In spite of this, Kerr remains hopeful that the W-League and Matildas can one day become an ingrained part of Australia’s rich sporting culture.

"I hope women’s football can  – I wouldn’t be giving up my life if I didn’t believe women’s sport was heading in the right direction," she said.

"Obviously there’s still a long way to go but it’s important the Matildas continue to succeed and the quality continues to improve in the home and away W-League season.

"So much of the W-League’s recent growth comes down to the success of the Matildas and the W-League is helping to produce our national team players."

After three years in the US, Kerr’s return to Australian football with Perth Glory comes as a timely boost for the W-League in its 10th season.

The homecoming follows a Golden Boot season in the National Women's Soccer League, which earned her offers from the likes of Chelsea and Barcelona.

While the NWSL is widely considered the most competitive women’s national league in the world, Kerr believes the W-League isn’t far off, and the chance to return to Perth was too strong to pass up.

She added: "It’s actually really similar; the main difference is that every player in the U.S is a professional, so the standard over there is obviously a little bit higher.
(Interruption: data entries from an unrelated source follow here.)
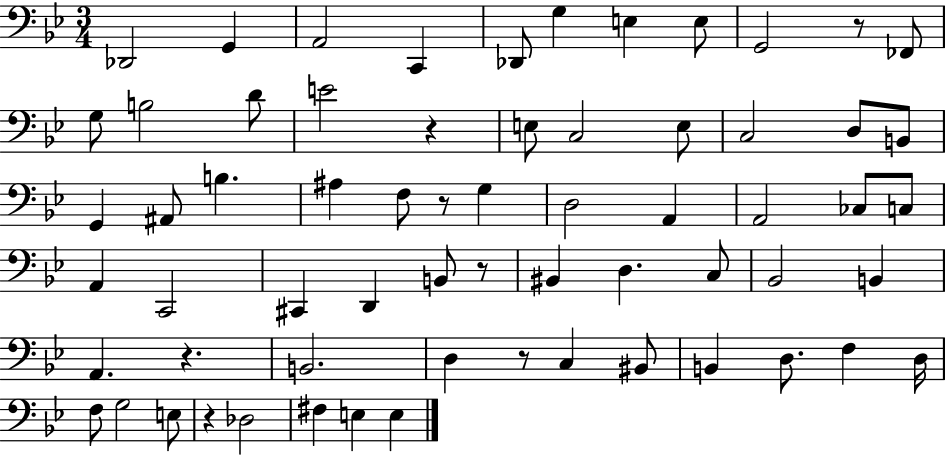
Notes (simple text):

Db2/h G2/q A2/h C2/q Db2/e G3/q E3/q E3/e G2/h R/e FES2/e G3/e B3/h D4/e E4/h R/q E3/e C3/h E3/e C3/h D3/e B2/e G2/q A#2/e B3/q. A#3/q F3/e R/e G3/q D3/h A2/q A2/h CES3/e C3/e A2/q C2/h C#2/q D2/q B2/e R/e BIS2/q D3/q. C3/e Bb2/h B2/q A2/q. R/q. B2/h. D3/q R/e C3/q BIS2/e B2/q D3/e. F3/q D3/s F3/e G3/h E3/e R/q Db3/h F#3/q E3/q E3/q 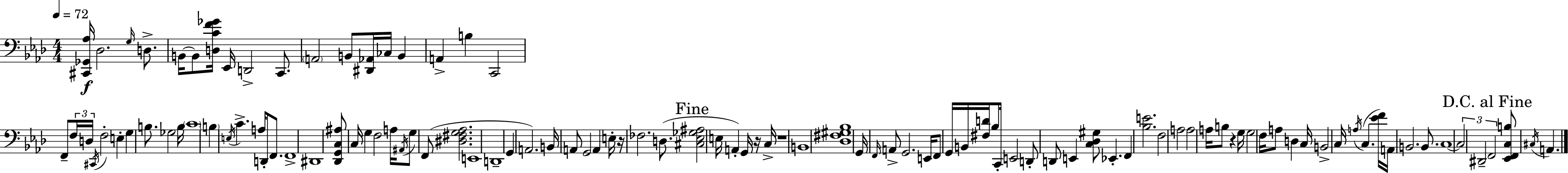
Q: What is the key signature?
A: AES major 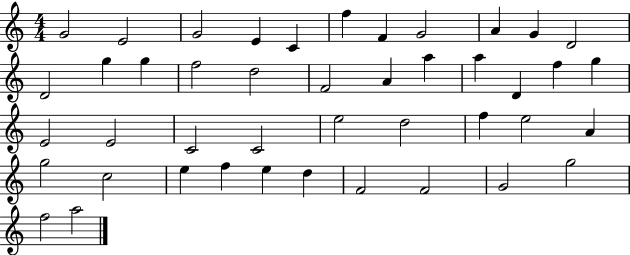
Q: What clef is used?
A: treble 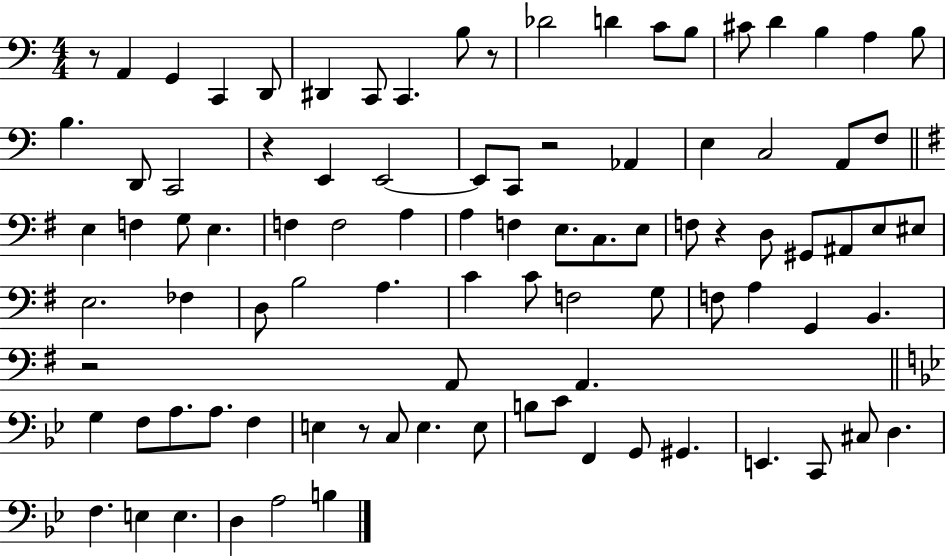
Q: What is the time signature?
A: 4/4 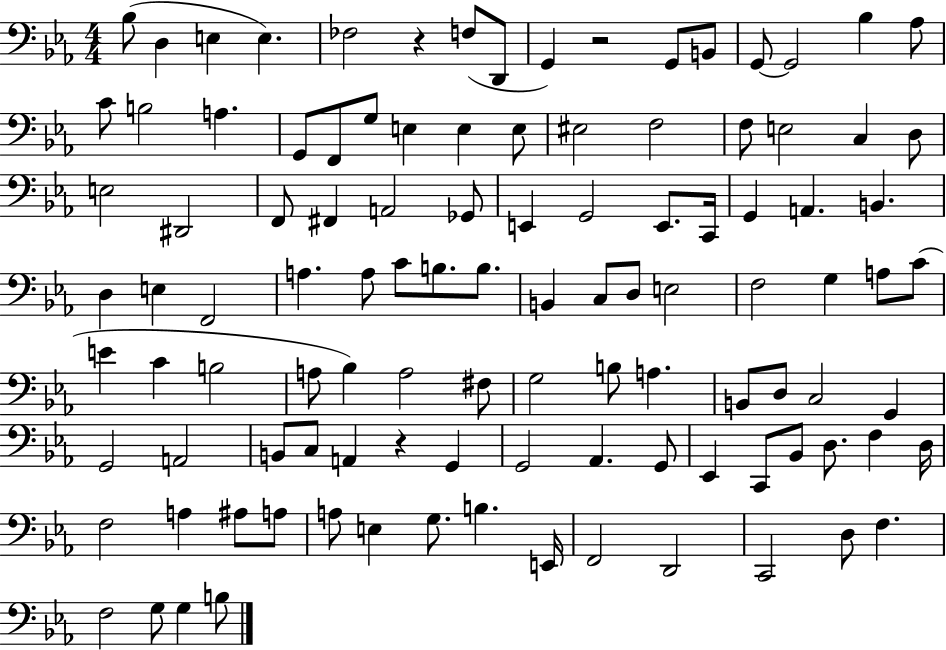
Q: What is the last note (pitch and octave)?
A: B3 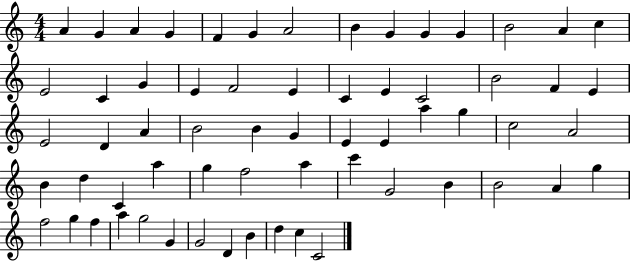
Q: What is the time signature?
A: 4/4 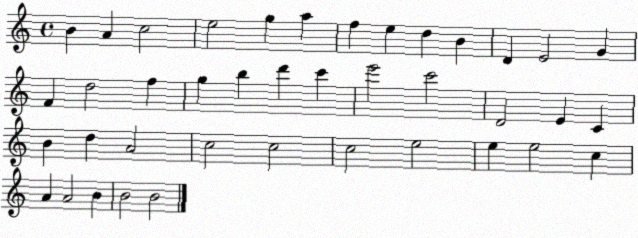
X:1
T:Untitled
M:4/4
L:1/4
K:C
B A c2 e2 g a f e d B D E2 G F d2 f g b d' c' e'2 c'2 D2 E C B d A2 c2 c2 c2 e2 e e2 c A A2 B B2 B2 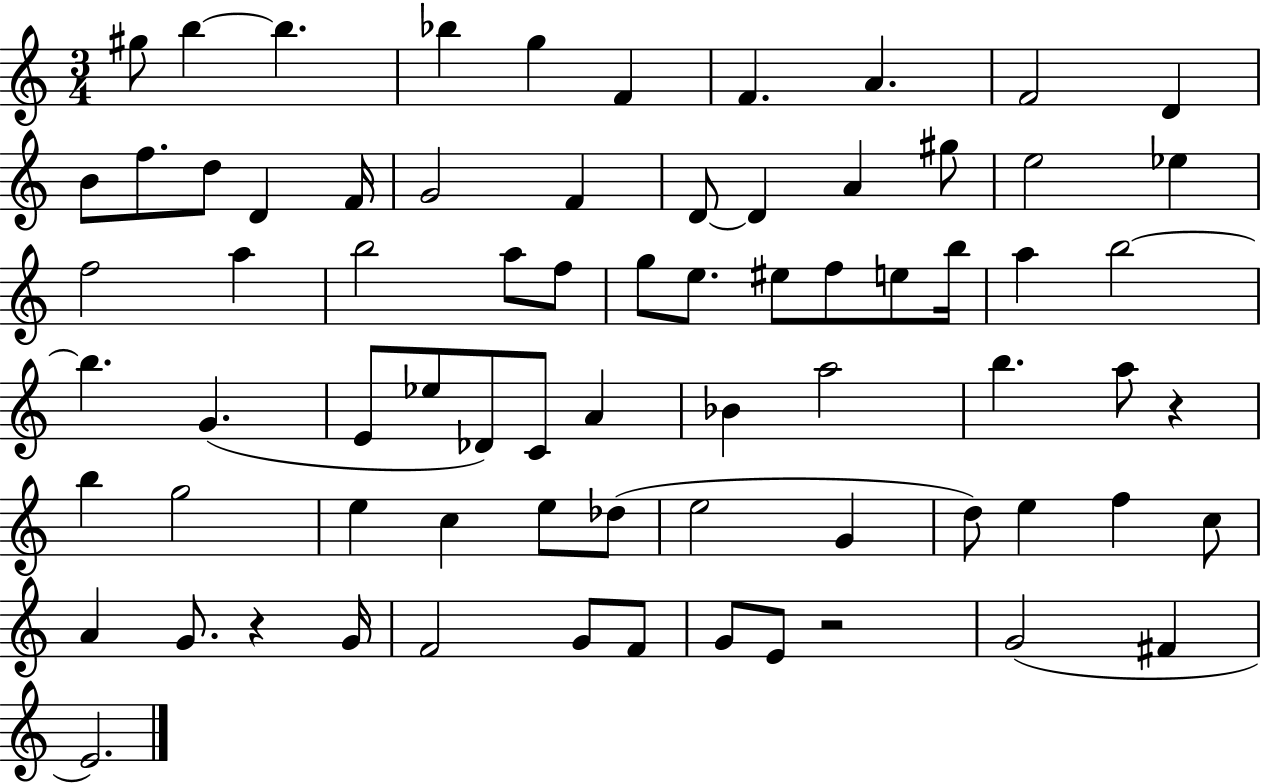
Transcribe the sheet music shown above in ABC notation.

X:1
T:Untitled
M:3/4
L:1/4
K:C
^g/2 b b _b g F F A F2 D B/2 f/2 d/2 D F/4 G2 F D/2 D A ^g/2 e2 _e f2 a b2 a/2 f/2 g/2 e/2 ^e/2 f/2 e/2 b/4 a b2 b G E/2 _e/2 _D/2 C/2 A _B a2 b a/2 z b g2 e c e/2 _d/2 e2 G d/2 e f c/2 A G/2 z G/4 F2 G/2 F/2 G/2 E/2 z2 G2 ^F E2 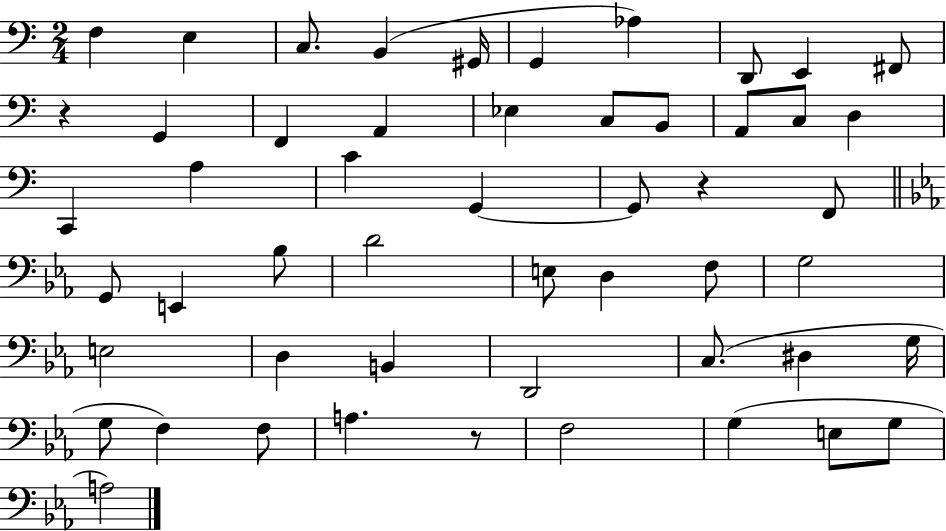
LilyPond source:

{
  \clef bass
  \numericTimeSignature
  \time 2/4
  \key c \major
  f4 e4 | c8. b,4( gis,16 | g,4 aes4) | d,8 e,4 fis,8 | \break r4 g,4 | f,4 a,4 | ees4 c8 b,8 | a,8 c8 d4 | \break c,4 a4 | c'4 g,4~~ | g,8 r4 f,8 | \bar "||" \break \key ees \major g,8 e,4 bes8 | d'2 | e8 d4 f8 | g2 | \break e2 | d4 b,4 | d,2 | c8.( dis4 g16 | \break g8 f4) f8 | a4. r8 | f2 | g4( e8 g8 | \break a2) | \bar "|."
}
"But I love playing in Australia; it makes me proud knowing that I along with every other Matilda impacted the growth of the W-League at some point in our careers.

"My family would also have to pay thousands of dollars to travel to watch me play in the U.S but now they can watch me at home.

"The beaches and coffees aren’t bad either."

Kerr took out this years ESPY award for Best International Women’s Soccer Player.